= Beginning of Section =
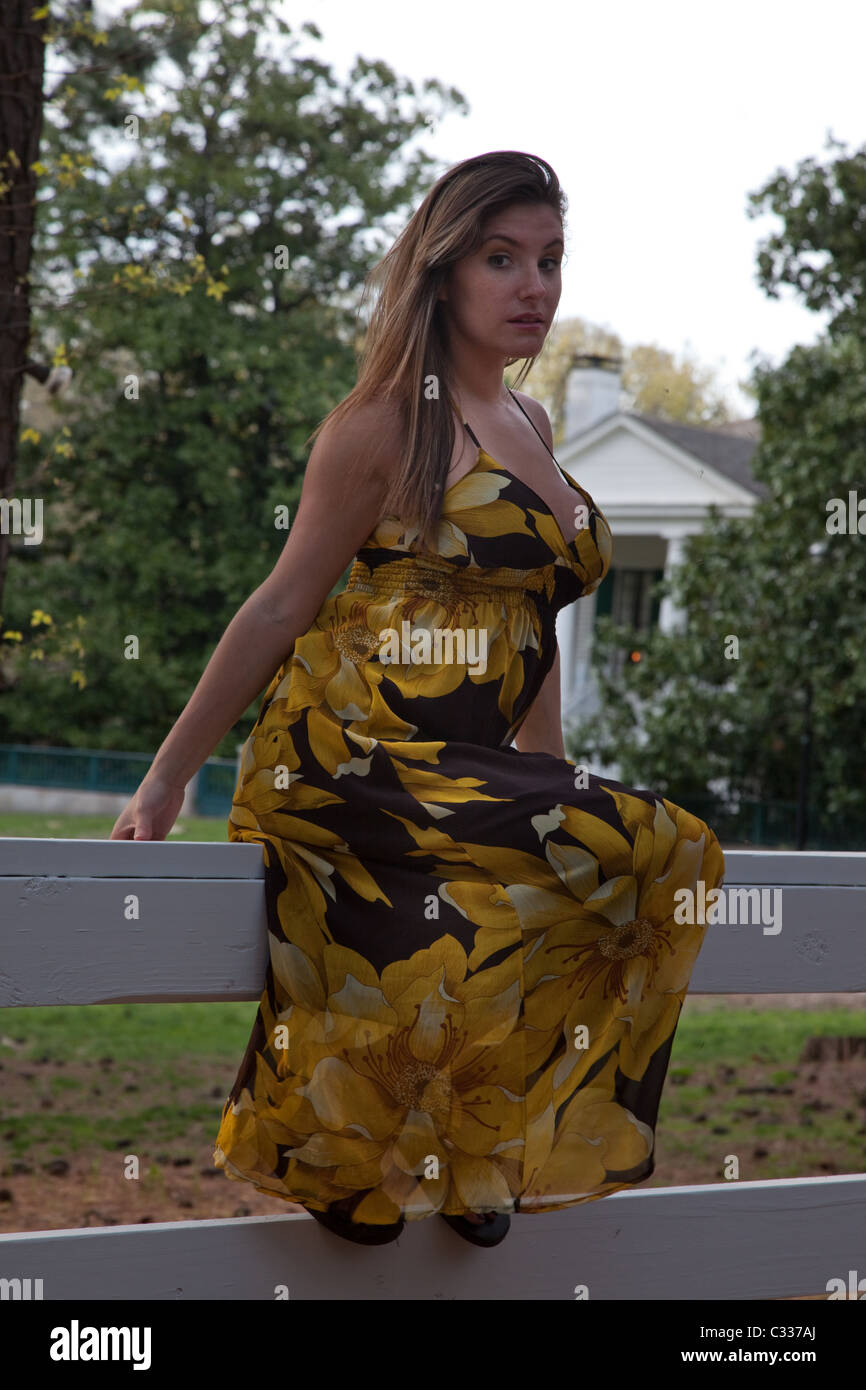 Schöne weiße Frau trägt ein gelbe-schwarze Kleid, draußen sitzen auf einem weißen Zaun Stockfoto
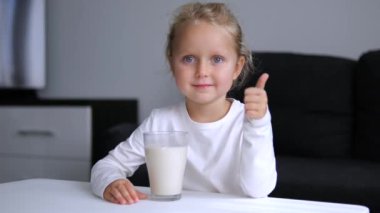 Küçük tatlı kız, yanında bir bardak sütle masada oturmuş kameranın beslenme gelişimine bakıyor. Beyaz tenli küçük bir kız, masa başında oturmuş kameraya besleyici yiyecek içeceklerine bakıyor.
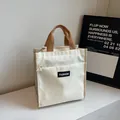 Cream-colored canvas lunch bag with brown woven handles and a front zipper pocket - Off White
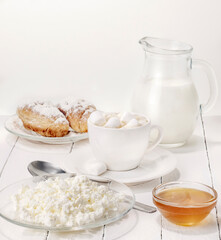 breakfast coffee with milk and marshmallows, croissants with honey and cottage cheese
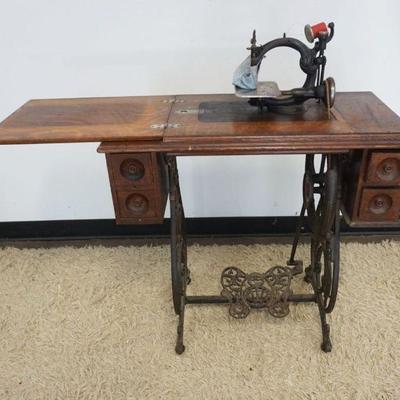 1175	ANTIQUE WILCOX & GIBBS TREADLE SEWING MACHINE
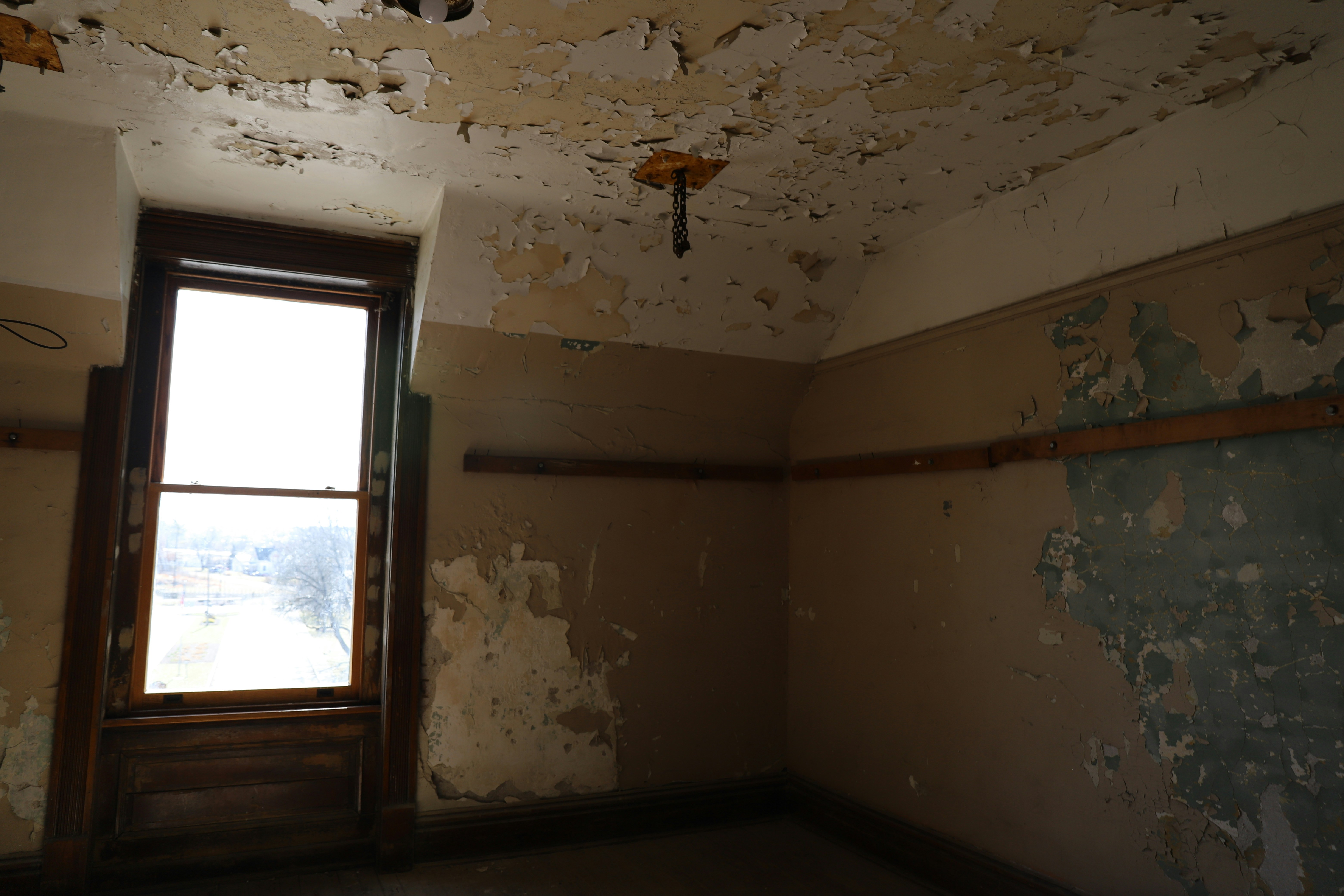 Room with peeling paint and a single window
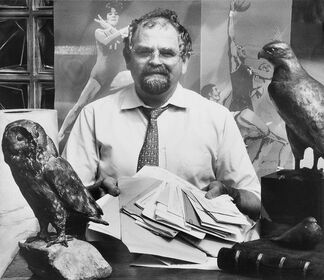 Bildhauer Kurt Arentz sitzt mit Dokumenten am Tisch, umgeben von seinen Bronzeskulpturen einer Eule und eines Falken.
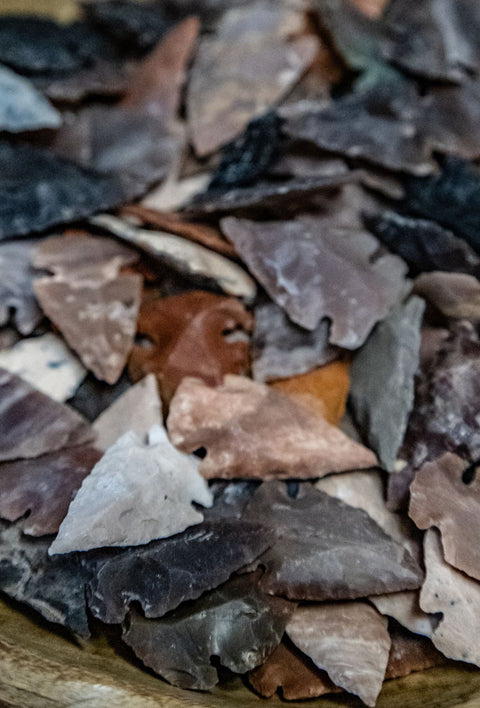 Close-up of handcrafted stone arrowheads with unique shapes and textures, perfect for spiritual rituals, home decor, or historical collections.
= End of Section =
▶ [What you need to do]: The line with "Bildhauer Kurt Arentz" marks the start, and the last line of the material marks the end. Reproduce exactly those two lines and every line between them, without the pictures.

▶ [Task response]:
 Bildhauer Kurt Arentz sitzt mit Dokumenten am Tisch, umgeben von seinen Bronzeskulpturen einer Eule und eines Falken.
 Close-up of handcrafted stone arrowheads with unique shapes and textures, perfect for spiritual rituals, home decor, or historical collections.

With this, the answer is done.